Exactly the lines from the one with "ヨウシュコバンノキの苗 【庭木 3号ポット苗/1...の商品画像" through the final line of the entries, and nothing else, should appear in the answer; no pictures go in it.

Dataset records

※

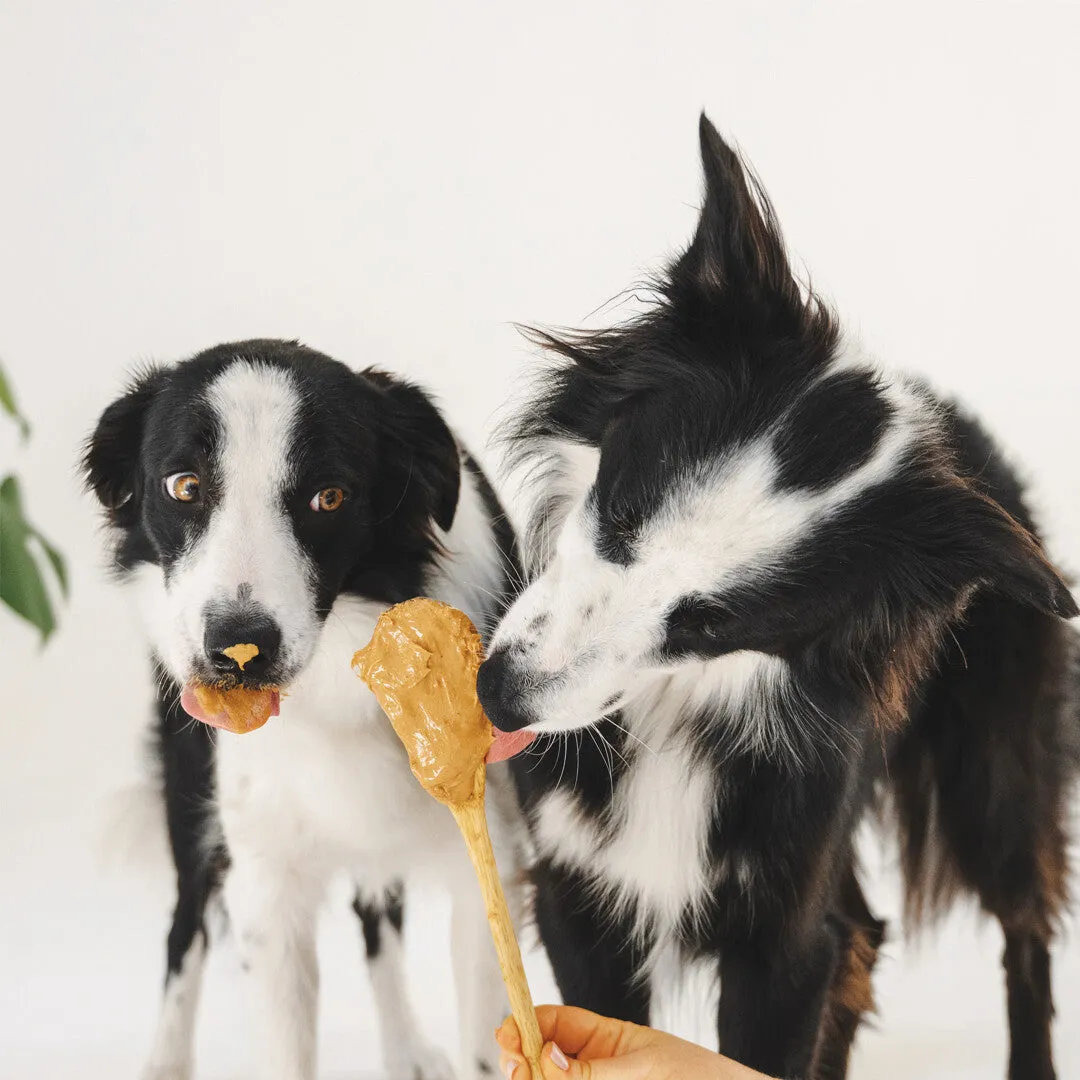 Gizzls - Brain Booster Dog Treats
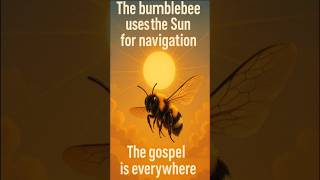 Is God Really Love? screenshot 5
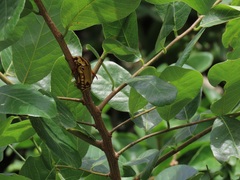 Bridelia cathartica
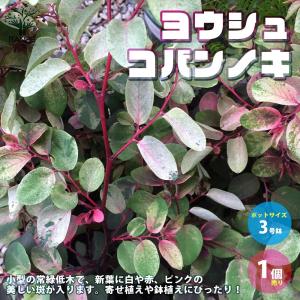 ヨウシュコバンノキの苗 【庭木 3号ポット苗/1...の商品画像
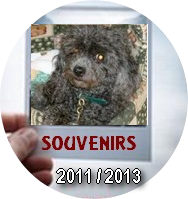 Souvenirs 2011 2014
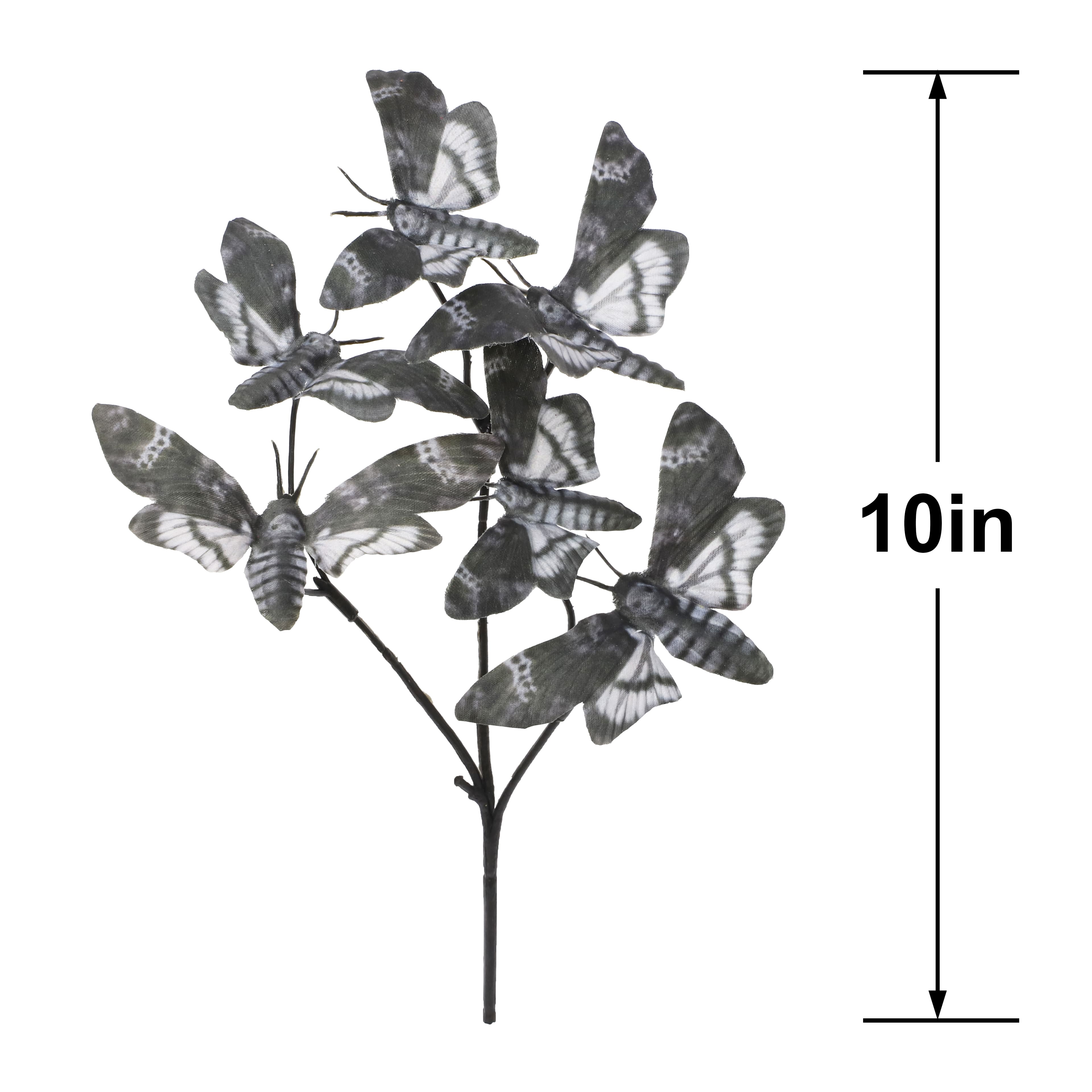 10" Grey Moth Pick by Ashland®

※

= Task answer =
 ヨウシュコバンノキの苗 【庭木 3号ポット苗/1...の商品画像
 Souvenirs 2011 2014
 10" Grey Moth Pick by Ashland®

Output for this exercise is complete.